I am trying to get a set of rules in my head that will predict any polymorphic situation. This may take a while! In the above example, I was thinking like this: if pointer of type B points to derived object C, the call B->f2 doesn't care about C::f2 because B::f2 is not virtual, so it doesn't look for any overriding functions in the C object that B is pointing to. Hence B->f2 shows B:f2. Same with call A->f2, A::f2 not virtual so A->f2 calls A::f2 even though there is in derived C a C::f2 and A is actually pointing to a C object. So far, so good, my little rule works.
But then I see B->f1 goes to the overriding C->f1, even though B::f1 is not declared as virtual. Given, it is a bad idea to mask B::f1 with C::f1, but I would not predict B->f1 would go to C->f1, especially since A-f2 does not go to C->f2.

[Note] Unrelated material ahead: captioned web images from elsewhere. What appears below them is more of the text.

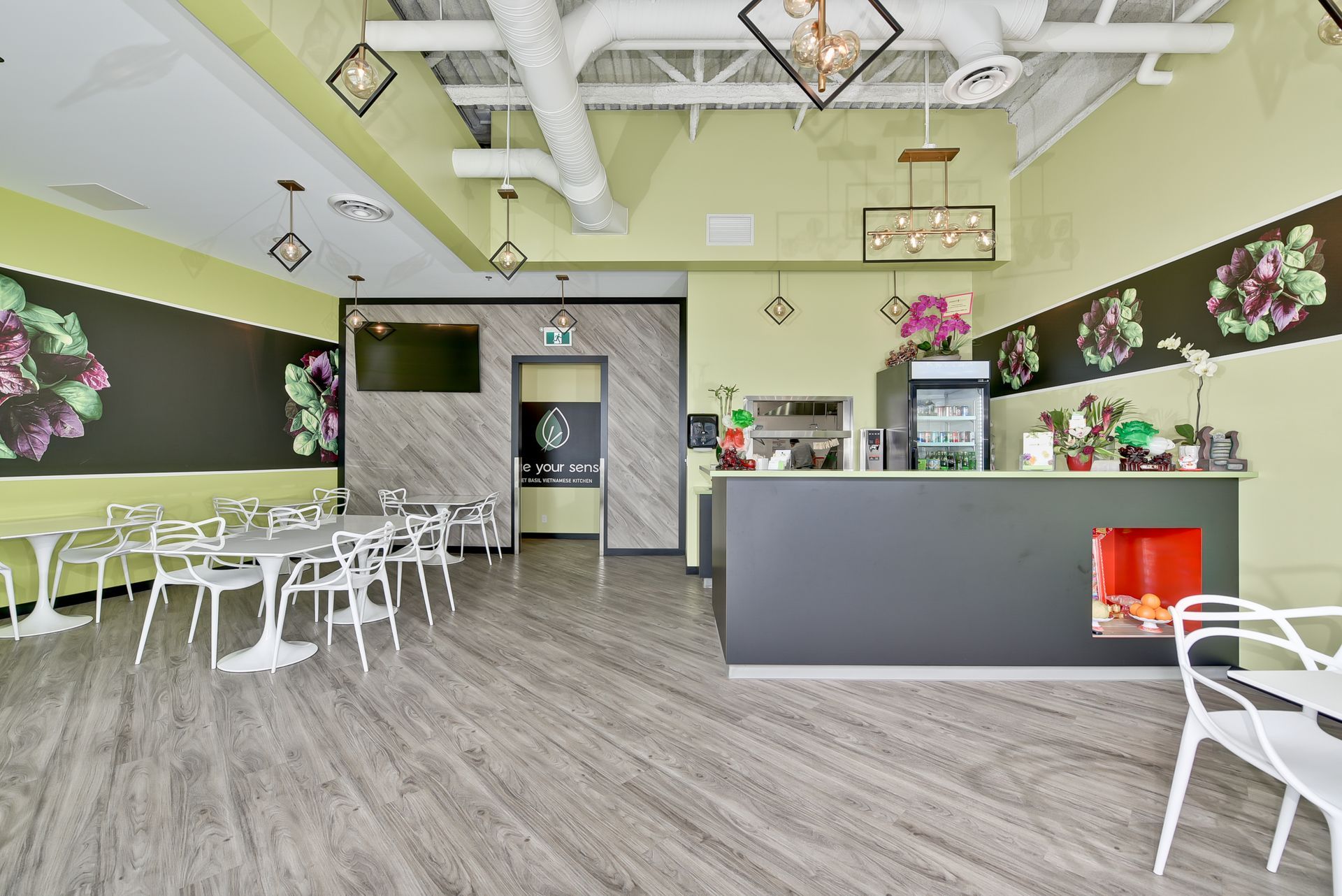 A restaurant with tables and chairs and a counter.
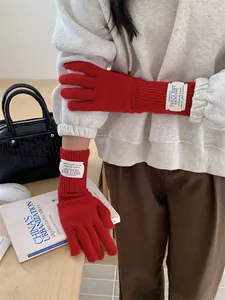 Red knitted touchscreen gloves worn by model, showing long ribbed cuff and brand tag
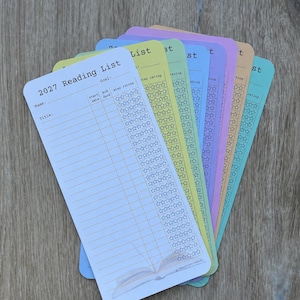 May include: A stack of rectangular 2027 Reading List bookmarks in pastel colours including white, yellow, blue, purple, orange, and teal. Each bookmark features fields for name, title, goal, start date, end date, and a column of star rating icons.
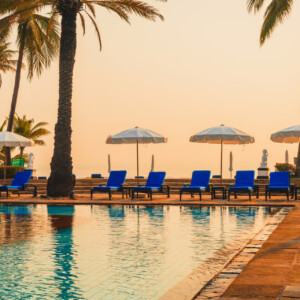 beautiful palm tree with umbrella chair pool in luxury hotel resort at sunrise times - holiday and vacation concept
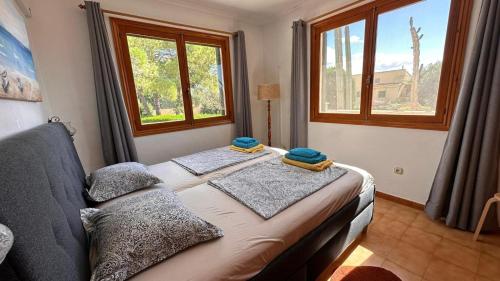 um quarto com uma cama com duas almofadas em Finca Can Bagur Ventolra em Biniali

I think I'm going to have to completely understand what happens in V tables to really understand polymorphism?
I did not know this, learned something new again. So even though B::f1 does not inherit any part of the function logic in the body of A::f1, it DOES inherit the "virtual" attribute of A::f1. And that virtual attribute will propagate down through all derived, derived of derived, etc... classes, even if none of them are declared as virtual.
Is there anything else a derived function can inherit from a virtual base class function of same name and argument list, if both have different 'body of the function' definitions (other than "virtual")?
No, the derived class gets from its base class the declaration of the virtual function (name and argument types) which remains virtual and, if missing, it also has the same body as the base class.